Add manifest_context to the Asset? This is not an unnecessary backwards path that duplicates the canvas_paintings.manifest_id + canvas_paintings.asset_id relationship, which can reuse the same asset in multiple places. It's the context in which the asset was introduced. This, plus created, should give a reliable orphan deletion candidate list in most scenarios.

Discarding a Manifest

A Manifest discarded before publishing will result in all assets added within that manifest being deleted.

ℹ️

This is linked to whether assets are saved in space 0 or in a manifest-specific space. The latter makes it easier to report on orphans and offer the ability to delete them but makes using the same asset in another manifest trickier.

Adding other metadata

Your manifest has a label, and you can enhance this with different languages in the portal. You can also edit the following properties of the manifest, in the properties tab.

  • metadata (label/value pairs)
  • summary
  • rights

You can also add additional resources to the manifest, and to individual canvases within the manifest, using the Adjuncts feature.

Switching to the Manifest Editor

The tools in the portal cover common, simple Manifest creation tasks. But for some manifests, they are insufficient. You might need to create more complex canvas layouts with multiple images or create more complex structures. For this, you can open the Manifest Editor. Any editing you do there is within the same Publish and Preview session.

(Sample Bootstrap Screen?)

Adding assets from other sources

In the above quick start, you added images from your own computer. But often, that's not where they are!

The Add from... menu items shows other places you can select and add assets from:

Add assets

  • Existing asset(s)
  • Online storage
    • Dropbox
    • Google Drive
    • OneDrive
    • Public Github Repository
    • Private Github Repository (coming soon)
    • FTP Server*
  • Upload listing file
    • Spreadsheet (csv, xls, xlsx, ...)
    • Text file
    • IIIF Manifest
    • METS file
  • Read file from web
    • Google sheet
    • Google doc
    • Excel Online
    • Word Document
    • IIIF Manifest
    • METS file
    • Direct URL of media (image, video etc)
  • _Existing asset(s) launches a browser, starting at this manifest, that allows you to select other already-registered assets
  • The Online Storage set of options involve opening a view into a storage location that you have access to (you will be asked for authentication credentials) and selecting some assets. The portal will load the assets, and arrange them in the manifest list, in the same way as when you upload them.
  • Upload listing file asks for a single file that contains some form of sequence of asset URLs; this file is on your machine and you upload it. The implication is that the assets are in locations - "origins" - that the platform can fetch them from.
  • Read file from web loads a single file from a URL you paste in (e.g., a Google Drive URL)

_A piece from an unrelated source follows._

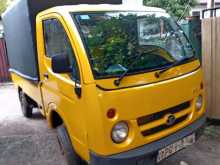 Tata Dimo Batta 2011 Lorry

In these last two cases, the portal will read the file, and if successful, present back to you a tabular view of what it's going to do. It might ask for further information or clarifications. The most common type of further information is a prefix - if the origins are relative paths, it needs to know the absolute root URL.

Read file from web also has an additional feature - binding. If you generate a Manifest from an externally hosted sheet (e.g., in Google Drive), the platform remembers that sheet. next time you open the Manifest in the Portal it can check to see if they are still in sync, and give you the opportunity to sync if not. This never happens automatically! Too dangerous!

For more details on what the platform expects to find in these source listing files, see Importing.

For Read file from web, if the platform detects that the pasted URL is an image, AV file or some other Content Resource, it will ask you whether you want to:

  • Register the content resource as an asset (and generate an image service, perform transcoding etc as appropriate)
  • Just use the remote resource directly on the canvas without registering it (the platform won't serve it and can't offer additional services like auth for it).
ℹ️

We should probably discourage FTP access from the portal as it involves the portal knowing your FTP credentials, however briefly.